After his father's sudden death caused by an accident on the day Ajay's younger brother is born, Ajay realises his mother is a Muslim. She makes him promise to bury her according to her faith when she dies, for it is only through a proper burial that she will be able to find herself reunited with her beloved in heaven. She also takes a promise from Ajay that he will never tell his brother about her real identity. Ajay's mother succumbs to the burns. Sonia learns about her mother-in-law's past and decides not to leave Ajay. She stands by him and supports his decision to bury his mother. However, Ajay's task is impeded by a fundamentalist leader Subodh bhai, who wanted to make this a political issue and encouraged the Hindu youth to kill Muslims.

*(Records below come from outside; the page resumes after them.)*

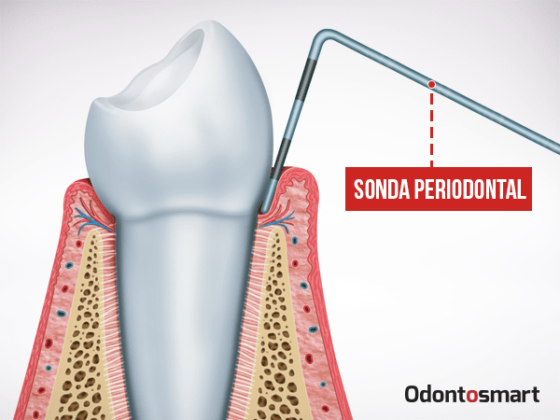 En la periodoncia se utiliza el sondaje periodontal En la periodoncia se utiliza el sondaje periodontal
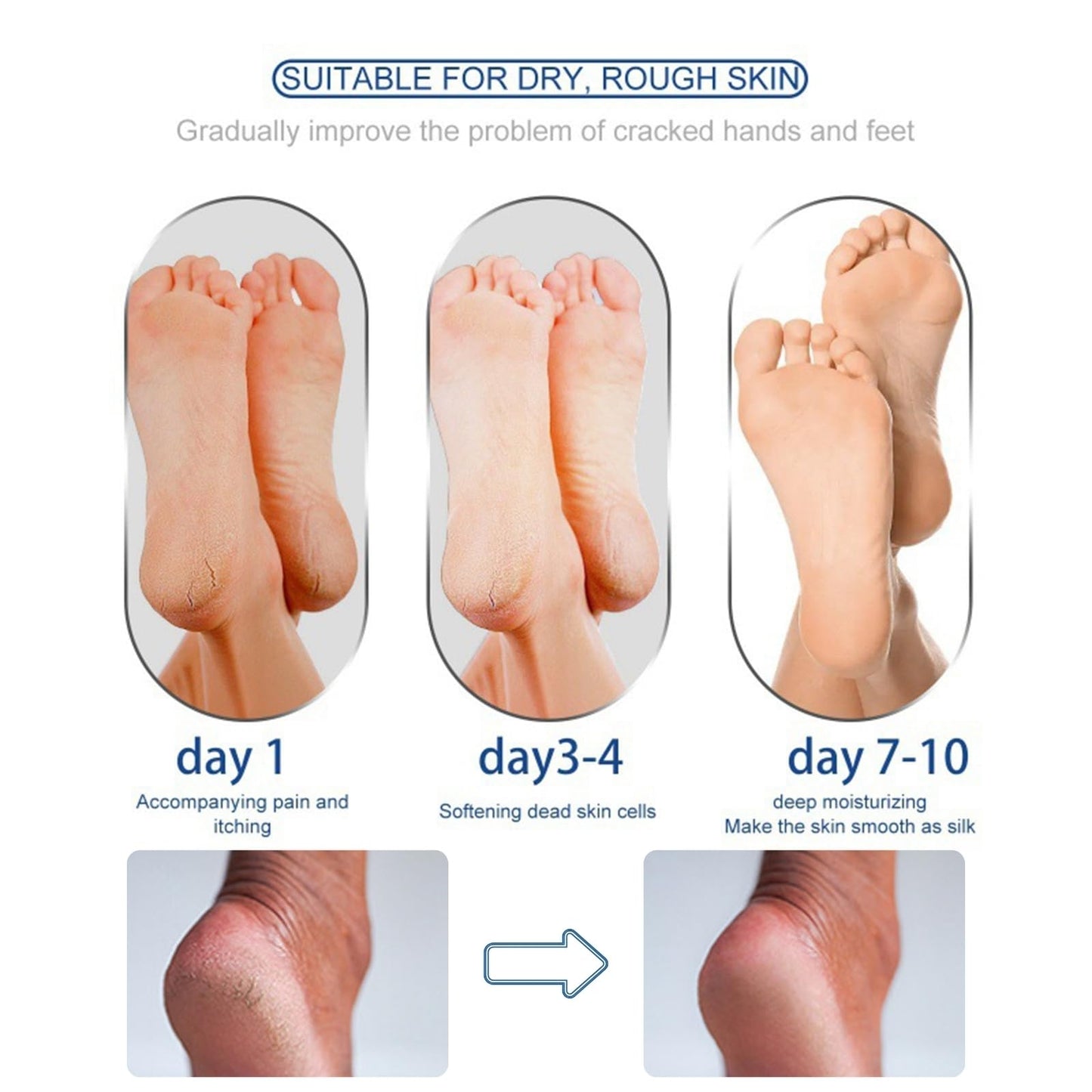 ISBEAUSOLS Urea Cream 60 Percent for Feet - Urea Foot Cream - Foot Cream for Cracked Heels and Dry Skin - Cracked Heel Repair Cream - Skin Care Hands & Feet - Foot Moisturiser -1PCS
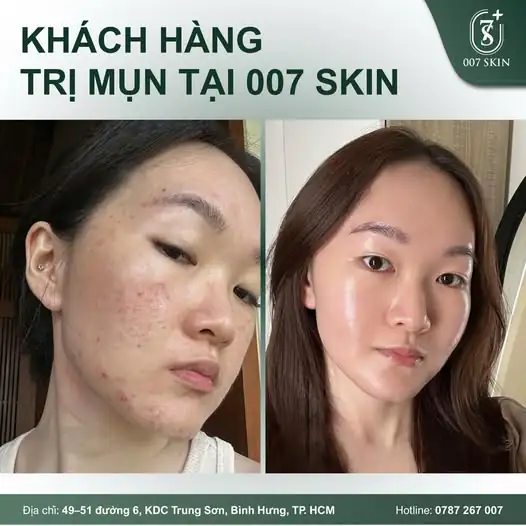 Đừng để những nốt mụn đáng ghét làm bạn mất tự tin khi xuống phố! Dù là mụn sưng viêm, mụn ẩn hay mụn đầu đen "lì lợm", 007 Skin Beauty Center đều có "vũ khí" đặc trị giúp bạn lấy lại làn da mịn màng tức thì. ⚡️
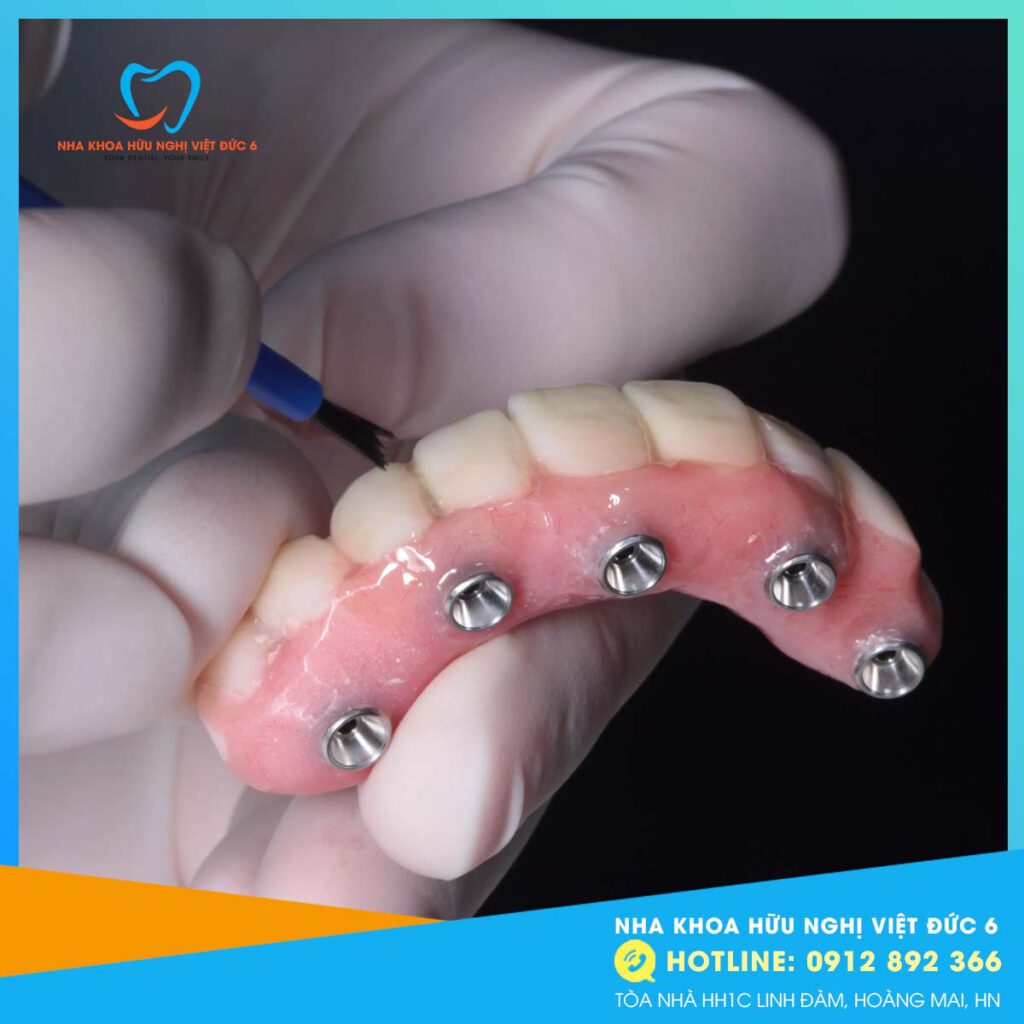 Cấy Ghép Implant All On 4.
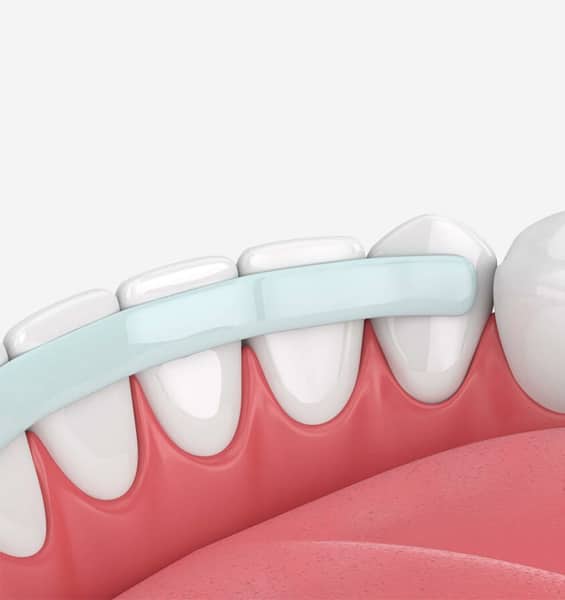 Bonding and White Fillings in Toms River, NJ - North Dover Dental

Anand happens to be a youth leader and Ajay's younger brother. When Anand learns of Subodhbhai's intentions, he stands by his brother's decision to bury their mother according to Islamic customs. Her body is buried as she had desired, and she reunites with Raman in heaven. At last, Ajay is seen releasing his mother's Mangalsutra in the sea, indicating the end of her life of struggle and signalling union with her husband.

== Cast ==
- Ajay Devgn as Ajay Desai
  - Kunal Khemu as young Ajay
- Nagarjuna as Raman Desai, Ajay and Anand's father
- Sonali Bendre as Sonia Maheshwari Desai, Ajay's wife
- Pooja Bhatt as Noor Hussain Khan, Ajay and Anand's mother
- Ashutosh Rana as Subodh Malgaonkar
- Sharat Saxena as Inspector Pawar
- Akshay Anand as Anand Kumar Desai, Ajay's brother
- Avtar Gill as Isa
- Zafar Karachiwala
- Saurabh Shukla as Gurdayal Singh
- Madan Jain as Journalist Anwar Hashmi
- Vishwajeet Pradhan as Senior Inspector Vishwajeet Yadav

== Soundtrack ==

The music was composed by M. M. Keeravani with lyrics by Anand Bakshi. The soundtrack was released by the His Master's Voice label. The composer selected Chitra for " Gali Main Aaj Chand Nikala " but for unknown reasons the song was later sung by Alka Yagnik.

| No. | Title | Singer(s) | Length |
|---|---|---|---|
| 1. | "Gali Mein Aaj Chaand Nikla" | Alka Yagnik | 5:07 |
| 2. | "Hum Yahan Tum Yahan (Male)" | Kumar Sanu | 4:52 |
| 3. | "Maa Ne Kaha (Male)" | M. M. Keeravani | 2:48 |
| 4. | "Padh Likh Ke" | Alka Yagnik | 4:35 |
| 5. | "Hum Yahan Tum Yahan (Female)" | Alka Yagnik | 4:52 |
| 6. | "Maa Ne Kaha (Female)" | Chitra | 2:47 |
| 7. | "Raat Sari Bekaraari Mein" | Alka Yagnik | 5:04 |
| 8. | "Maa Ne Kaha (Sad)" | M. M. Kreem | 1:29 |
| 9. | "Gali Mein Aaj Chaand Nikla (Sad)" | Alka Yagnik | 3:06 |
| Total length: |  |  | 34:40 |

== Reception ==
Mukhtar Anjoom of Deccan Herald wrote that "Mahesh Bhatt foolishly swerves and rams the brakes while cruising along a solid theme. By making it personalized, he fails to tackle the wider ramifications of divisive politics and fritters away the opportunity to make a masterpiece of his swansong".

== Awards ==
- National Film Awards
- Won: 1998 National Film Award for Best Actor – Ajay Devgn

- Screen Awards
- Won: 1999 Screen Award for Best Actor – Ajay Devgn

- Filmfare Awards
- Won: 1999 Outstanding Film of the Year – Mahesh Bhatt

== TV series ==
The story has been adapted into a TV series, named Naamkarann, which aired on STAR Plus from September 2016 to June 2018.